Material for the task:
-*-*-
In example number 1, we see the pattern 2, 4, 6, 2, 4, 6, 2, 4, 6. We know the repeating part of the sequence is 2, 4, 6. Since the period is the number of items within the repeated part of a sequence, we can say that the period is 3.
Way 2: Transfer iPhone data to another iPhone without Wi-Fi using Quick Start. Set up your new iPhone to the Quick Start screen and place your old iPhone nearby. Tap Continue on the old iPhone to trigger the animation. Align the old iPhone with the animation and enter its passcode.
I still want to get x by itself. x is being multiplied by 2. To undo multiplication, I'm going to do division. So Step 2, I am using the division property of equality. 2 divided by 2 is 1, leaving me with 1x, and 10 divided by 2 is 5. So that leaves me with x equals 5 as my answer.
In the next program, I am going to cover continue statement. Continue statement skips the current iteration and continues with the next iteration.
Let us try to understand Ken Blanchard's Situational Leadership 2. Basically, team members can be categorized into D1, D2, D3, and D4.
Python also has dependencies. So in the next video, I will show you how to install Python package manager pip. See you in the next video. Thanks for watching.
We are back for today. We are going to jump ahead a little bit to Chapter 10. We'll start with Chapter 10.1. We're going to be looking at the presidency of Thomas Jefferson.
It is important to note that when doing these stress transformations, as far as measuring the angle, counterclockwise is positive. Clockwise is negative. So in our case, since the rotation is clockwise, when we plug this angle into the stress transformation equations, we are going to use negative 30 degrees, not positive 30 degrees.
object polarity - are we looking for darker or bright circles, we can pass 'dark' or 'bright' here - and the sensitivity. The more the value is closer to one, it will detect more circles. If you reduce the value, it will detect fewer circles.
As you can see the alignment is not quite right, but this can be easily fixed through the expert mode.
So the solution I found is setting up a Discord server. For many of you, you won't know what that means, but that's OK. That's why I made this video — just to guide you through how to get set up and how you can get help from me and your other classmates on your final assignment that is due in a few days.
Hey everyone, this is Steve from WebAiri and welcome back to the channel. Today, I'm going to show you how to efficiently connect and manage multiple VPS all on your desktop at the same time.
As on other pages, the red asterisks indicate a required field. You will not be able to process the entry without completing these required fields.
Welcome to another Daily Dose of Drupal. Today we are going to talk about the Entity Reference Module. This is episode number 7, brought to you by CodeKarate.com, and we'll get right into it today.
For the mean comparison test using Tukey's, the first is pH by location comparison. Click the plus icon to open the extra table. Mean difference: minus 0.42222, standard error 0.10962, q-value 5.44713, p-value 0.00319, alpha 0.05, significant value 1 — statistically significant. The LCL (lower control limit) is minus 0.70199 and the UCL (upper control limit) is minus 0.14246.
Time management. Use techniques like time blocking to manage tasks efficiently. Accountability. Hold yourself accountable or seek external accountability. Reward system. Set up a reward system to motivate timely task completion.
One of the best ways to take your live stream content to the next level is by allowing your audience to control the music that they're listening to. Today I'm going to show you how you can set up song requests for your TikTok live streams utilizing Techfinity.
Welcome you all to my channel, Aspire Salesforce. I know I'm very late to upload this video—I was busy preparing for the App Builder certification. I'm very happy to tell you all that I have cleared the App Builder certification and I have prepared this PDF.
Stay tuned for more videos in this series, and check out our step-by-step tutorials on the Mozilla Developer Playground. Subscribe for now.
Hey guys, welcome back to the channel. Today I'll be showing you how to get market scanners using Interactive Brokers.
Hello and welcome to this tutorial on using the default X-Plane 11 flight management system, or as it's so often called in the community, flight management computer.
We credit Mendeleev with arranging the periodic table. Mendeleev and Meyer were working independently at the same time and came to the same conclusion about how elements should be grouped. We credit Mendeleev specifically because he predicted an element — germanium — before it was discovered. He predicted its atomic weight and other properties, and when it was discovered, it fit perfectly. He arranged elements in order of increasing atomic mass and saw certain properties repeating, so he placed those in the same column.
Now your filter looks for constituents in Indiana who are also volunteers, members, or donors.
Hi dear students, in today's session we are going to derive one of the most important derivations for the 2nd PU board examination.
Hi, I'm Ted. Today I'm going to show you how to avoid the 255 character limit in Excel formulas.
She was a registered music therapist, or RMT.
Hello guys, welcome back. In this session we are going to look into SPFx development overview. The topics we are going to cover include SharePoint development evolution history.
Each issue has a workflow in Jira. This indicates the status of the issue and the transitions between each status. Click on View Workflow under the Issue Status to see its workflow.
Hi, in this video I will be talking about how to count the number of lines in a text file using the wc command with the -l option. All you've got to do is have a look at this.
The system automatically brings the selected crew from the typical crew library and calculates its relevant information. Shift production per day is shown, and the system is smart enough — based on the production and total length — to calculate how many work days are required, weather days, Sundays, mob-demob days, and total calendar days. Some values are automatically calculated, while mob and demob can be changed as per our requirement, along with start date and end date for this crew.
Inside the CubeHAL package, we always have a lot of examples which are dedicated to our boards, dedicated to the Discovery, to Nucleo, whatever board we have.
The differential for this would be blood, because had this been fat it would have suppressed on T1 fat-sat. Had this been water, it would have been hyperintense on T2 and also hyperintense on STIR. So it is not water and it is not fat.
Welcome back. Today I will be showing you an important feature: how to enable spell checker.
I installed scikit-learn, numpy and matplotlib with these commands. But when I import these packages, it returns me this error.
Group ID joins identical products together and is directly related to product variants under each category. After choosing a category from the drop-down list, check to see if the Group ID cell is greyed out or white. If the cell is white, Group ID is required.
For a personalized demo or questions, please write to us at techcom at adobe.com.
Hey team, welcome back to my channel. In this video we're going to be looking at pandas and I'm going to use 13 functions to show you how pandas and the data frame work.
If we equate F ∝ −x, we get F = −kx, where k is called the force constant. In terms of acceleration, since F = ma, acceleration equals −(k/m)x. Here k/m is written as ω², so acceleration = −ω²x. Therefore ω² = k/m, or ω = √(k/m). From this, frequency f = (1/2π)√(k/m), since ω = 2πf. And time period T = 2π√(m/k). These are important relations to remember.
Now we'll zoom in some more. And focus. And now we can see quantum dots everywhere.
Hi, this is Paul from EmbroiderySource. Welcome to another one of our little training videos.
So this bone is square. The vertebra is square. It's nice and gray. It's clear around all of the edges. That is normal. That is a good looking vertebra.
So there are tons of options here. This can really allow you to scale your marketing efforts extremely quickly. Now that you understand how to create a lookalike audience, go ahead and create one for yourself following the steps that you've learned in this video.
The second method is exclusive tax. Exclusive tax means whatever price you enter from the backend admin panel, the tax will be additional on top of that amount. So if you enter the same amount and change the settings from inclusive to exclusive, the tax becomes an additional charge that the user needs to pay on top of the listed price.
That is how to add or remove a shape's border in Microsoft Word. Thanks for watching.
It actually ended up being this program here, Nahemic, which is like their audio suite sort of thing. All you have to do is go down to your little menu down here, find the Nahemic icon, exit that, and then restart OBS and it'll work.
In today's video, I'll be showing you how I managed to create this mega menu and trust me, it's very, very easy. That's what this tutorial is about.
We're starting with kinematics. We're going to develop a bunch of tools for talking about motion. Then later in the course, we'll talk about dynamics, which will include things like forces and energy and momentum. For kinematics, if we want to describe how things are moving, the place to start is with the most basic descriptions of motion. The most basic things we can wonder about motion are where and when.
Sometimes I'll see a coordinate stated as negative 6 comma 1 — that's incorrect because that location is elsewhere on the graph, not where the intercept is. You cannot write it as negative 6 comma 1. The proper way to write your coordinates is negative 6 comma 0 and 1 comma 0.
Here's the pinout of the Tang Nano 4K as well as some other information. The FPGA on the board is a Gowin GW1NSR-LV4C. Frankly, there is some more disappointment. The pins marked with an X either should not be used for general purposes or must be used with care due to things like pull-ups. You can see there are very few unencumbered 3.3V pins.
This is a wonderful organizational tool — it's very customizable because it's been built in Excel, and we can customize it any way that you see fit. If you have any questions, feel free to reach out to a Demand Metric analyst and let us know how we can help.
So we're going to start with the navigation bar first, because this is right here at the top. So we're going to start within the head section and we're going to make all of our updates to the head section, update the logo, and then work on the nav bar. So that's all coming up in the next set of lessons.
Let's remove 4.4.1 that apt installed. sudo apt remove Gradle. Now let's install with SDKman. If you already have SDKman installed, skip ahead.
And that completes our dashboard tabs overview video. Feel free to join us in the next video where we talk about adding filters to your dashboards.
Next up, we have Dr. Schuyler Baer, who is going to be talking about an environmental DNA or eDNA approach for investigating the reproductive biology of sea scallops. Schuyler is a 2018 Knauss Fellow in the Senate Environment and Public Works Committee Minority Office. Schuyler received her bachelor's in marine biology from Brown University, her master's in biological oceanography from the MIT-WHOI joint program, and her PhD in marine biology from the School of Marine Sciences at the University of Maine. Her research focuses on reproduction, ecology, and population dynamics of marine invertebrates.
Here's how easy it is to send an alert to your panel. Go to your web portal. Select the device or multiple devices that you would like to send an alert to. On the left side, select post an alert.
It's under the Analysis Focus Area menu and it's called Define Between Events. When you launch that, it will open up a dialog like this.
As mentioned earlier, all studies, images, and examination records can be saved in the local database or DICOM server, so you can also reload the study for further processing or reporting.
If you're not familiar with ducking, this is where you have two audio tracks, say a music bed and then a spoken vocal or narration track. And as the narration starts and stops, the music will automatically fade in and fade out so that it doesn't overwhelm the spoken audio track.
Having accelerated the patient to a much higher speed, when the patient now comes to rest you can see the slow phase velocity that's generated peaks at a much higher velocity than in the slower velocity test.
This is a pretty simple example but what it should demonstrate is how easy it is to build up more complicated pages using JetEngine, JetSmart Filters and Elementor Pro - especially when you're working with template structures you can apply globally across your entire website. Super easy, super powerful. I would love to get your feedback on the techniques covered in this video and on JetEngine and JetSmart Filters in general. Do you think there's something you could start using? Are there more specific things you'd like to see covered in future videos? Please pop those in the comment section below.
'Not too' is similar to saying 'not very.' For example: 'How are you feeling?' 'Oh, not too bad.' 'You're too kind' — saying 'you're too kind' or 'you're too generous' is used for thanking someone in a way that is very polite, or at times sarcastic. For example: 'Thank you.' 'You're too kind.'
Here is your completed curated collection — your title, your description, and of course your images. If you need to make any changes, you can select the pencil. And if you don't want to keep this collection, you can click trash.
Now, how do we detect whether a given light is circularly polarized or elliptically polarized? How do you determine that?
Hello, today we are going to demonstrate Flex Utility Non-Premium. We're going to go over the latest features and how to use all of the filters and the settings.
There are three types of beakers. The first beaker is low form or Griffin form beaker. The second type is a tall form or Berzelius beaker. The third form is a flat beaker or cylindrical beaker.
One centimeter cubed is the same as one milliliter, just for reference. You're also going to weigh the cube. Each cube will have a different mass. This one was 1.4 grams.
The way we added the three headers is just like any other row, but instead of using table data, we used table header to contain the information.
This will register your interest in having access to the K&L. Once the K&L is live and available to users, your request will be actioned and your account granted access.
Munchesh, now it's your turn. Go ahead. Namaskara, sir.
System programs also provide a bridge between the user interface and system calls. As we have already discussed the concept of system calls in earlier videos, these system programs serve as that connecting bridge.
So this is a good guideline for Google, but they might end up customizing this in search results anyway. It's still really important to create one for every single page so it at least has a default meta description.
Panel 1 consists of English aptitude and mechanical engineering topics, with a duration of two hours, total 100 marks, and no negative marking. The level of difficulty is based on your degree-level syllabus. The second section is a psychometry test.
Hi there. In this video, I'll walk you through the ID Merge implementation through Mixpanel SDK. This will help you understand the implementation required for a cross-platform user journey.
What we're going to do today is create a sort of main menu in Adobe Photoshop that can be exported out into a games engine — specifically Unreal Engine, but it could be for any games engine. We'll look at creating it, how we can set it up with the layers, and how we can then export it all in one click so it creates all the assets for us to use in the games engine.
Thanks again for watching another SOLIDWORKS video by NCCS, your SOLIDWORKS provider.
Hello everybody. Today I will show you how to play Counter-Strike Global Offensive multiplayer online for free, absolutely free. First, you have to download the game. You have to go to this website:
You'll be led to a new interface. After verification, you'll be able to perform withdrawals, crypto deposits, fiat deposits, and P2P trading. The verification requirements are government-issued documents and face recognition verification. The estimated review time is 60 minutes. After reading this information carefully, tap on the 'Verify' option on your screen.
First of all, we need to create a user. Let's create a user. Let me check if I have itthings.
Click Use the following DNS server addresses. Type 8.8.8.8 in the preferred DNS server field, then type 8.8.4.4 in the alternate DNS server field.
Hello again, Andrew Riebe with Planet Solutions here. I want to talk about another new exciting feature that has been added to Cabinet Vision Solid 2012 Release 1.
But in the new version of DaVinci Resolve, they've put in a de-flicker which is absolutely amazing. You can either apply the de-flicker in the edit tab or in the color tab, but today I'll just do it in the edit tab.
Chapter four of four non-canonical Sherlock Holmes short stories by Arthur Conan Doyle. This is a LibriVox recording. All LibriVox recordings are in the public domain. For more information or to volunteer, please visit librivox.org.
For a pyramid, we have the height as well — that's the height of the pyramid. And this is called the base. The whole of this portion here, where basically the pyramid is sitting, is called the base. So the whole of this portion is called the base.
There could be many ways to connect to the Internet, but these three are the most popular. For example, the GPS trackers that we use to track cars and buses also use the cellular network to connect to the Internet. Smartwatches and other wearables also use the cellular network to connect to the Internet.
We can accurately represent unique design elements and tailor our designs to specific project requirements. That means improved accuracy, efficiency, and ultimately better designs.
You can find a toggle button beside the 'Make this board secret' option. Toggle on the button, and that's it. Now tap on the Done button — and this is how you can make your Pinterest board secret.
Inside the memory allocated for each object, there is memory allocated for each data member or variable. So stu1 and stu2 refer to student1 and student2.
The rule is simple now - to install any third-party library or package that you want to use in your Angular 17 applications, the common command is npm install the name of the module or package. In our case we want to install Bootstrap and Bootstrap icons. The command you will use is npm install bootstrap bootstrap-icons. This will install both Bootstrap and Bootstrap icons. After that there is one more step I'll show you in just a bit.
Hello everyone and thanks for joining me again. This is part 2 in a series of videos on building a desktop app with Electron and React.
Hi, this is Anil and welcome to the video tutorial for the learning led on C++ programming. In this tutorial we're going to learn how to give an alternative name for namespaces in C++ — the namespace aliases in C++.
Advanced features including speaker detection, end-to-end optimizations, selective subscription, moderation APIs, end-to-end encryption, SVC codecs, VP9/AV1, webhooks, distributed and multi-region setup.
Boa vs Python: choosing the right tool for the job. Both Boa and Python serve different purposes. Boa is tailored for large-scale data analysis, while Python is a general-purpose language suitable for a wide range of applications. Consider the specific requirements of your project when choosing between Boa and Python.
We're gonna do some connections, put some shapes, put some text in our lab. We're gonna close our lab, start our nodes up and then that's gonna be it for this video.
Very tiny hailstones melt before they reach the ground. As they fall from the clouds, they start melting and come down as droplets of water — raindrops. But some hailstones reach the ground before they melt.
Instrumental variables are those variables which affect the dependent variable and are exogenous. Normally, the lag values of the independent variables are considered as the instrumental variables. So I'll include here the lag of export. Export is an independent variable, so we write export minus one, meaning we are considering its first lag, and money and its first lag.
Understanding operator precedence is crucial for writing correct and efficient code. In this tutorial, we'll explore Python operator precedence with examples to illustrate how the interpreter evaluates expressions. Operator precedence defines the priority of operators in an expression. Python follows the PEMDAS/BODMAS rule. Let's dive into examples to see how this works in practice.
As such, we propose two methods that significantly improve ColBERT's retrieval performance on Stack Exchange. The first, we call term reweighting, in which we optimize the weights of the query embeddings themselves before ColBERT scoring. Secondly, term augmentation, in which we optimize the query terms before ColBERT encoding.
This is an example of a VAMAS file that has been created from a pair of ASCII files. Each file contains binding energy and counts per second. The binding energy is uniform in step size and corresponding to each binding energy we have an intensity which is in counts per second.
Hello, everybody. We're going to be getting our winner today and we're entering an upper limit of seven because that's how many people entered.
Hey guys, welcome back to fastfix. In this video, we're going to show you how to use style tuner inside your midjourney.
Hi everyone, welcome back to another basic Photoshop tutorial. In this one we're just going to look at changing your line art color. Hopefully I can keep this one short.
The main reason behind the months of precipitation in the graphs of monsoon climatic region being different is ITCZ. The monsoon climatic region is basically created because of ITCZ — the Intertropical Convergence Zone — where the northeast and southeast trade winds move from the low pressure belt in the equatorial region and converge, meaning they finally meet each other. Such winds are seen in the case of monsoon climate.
-*-*-
Retype, exactly and in full, the lines above from the one containing "Next up, we" through the one containing "As mentioned earlier, all".

Response to this exercise:
Next up, we have Dr. Schuyler Baer, who is going to be talking about an environmental DNA or eDNA approach for investigating the reproductive biology of sea scallops. Schuyler is a 2018 Knauss Fellow in the Senate Environment and Public Works Committee Minority Office. Schuyler received her bachelor's in marine biology from Brown University, her master's in biological oceanography from the MIT-WHOI joint program, and her PhD in marine biology from the School of Marine Sciences at the University of Maine. Her research focuses on reproduction, ecology, and population dynamics of marine invertebrates.
Here's how easy it is to send an alert to your panel. Go to your web portal. Select the device or multiple devices that you would like to send an alert to. On the left side, select post an alert.
It's under the Analysis Focus Area menu and it's called Define Between Events. When you launch that, it will open up a dialog like this.
As mentioned earlier, all studies, images, and examination records can be saved in the local database or DICOM server, so you can also reload the study for further processing or reporting.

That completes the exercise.